» Your assignment
Word for word, copy all the data and drop the pictures.

Exercise data Start Marker

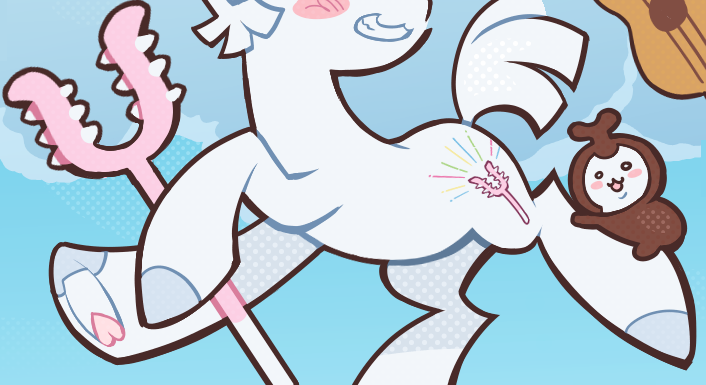 rotten_hyena's tweet photo. Little sneak peek 👀
-
#chiikawa #mylittlepony #mlptwt https://t.co/PjswffxDtf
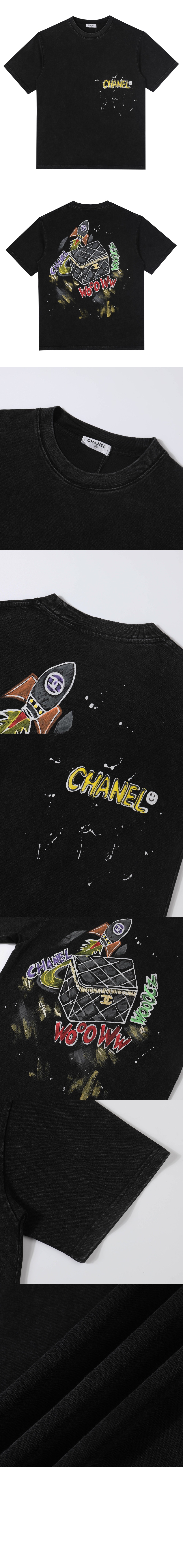 로고 프린트 반팔 > Etc - 기타제품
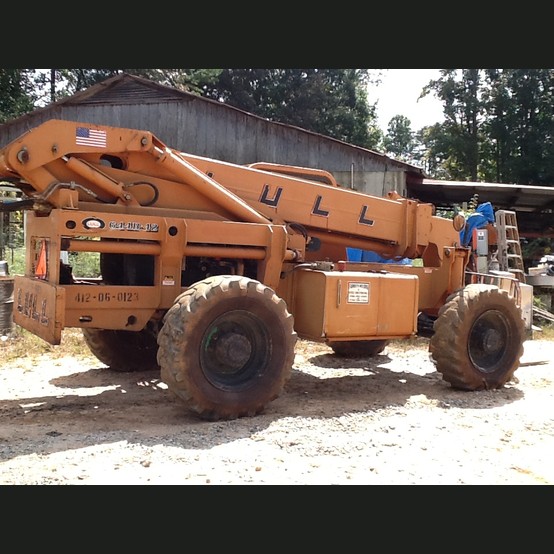 Lull Zoom Boom Supplier Worldwide Used 2000 Lull 644B42 Telehandler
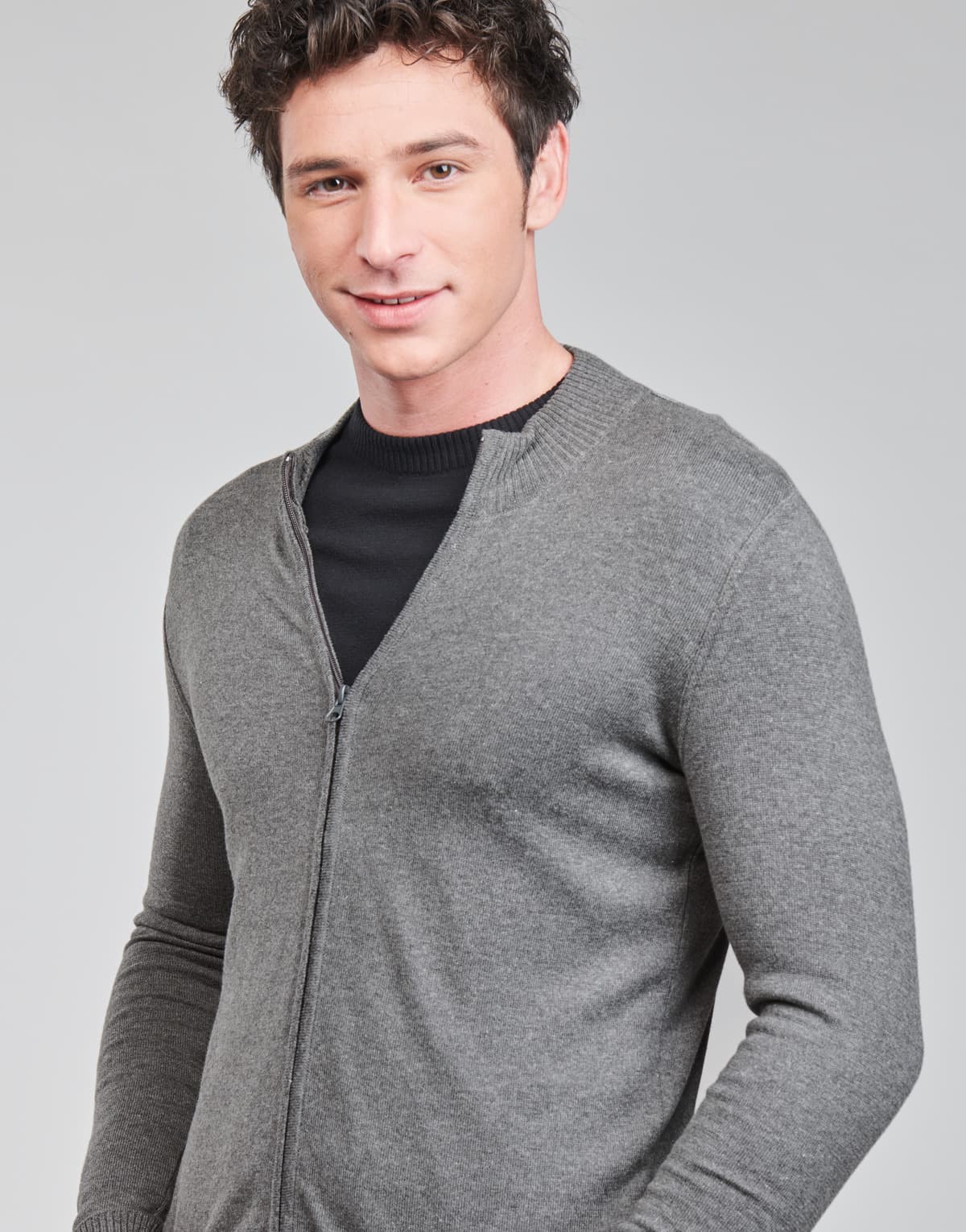 Men's Jackets BOTD Gray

Exercise data End Marker

» Your solution
 rotten_hyena's tweet photo. Little sneak peek 👀
-
#chiikawa #mylittlepony #mlptwt https://t.co/PjswffxDtf
 로고 프린트 반팔 > Etc - 기타제품
 Lull Zoom Boom Supplier Worldwide Used 2000 Lull 644B42 Telehandler
 Men's Jackets BOTD Gray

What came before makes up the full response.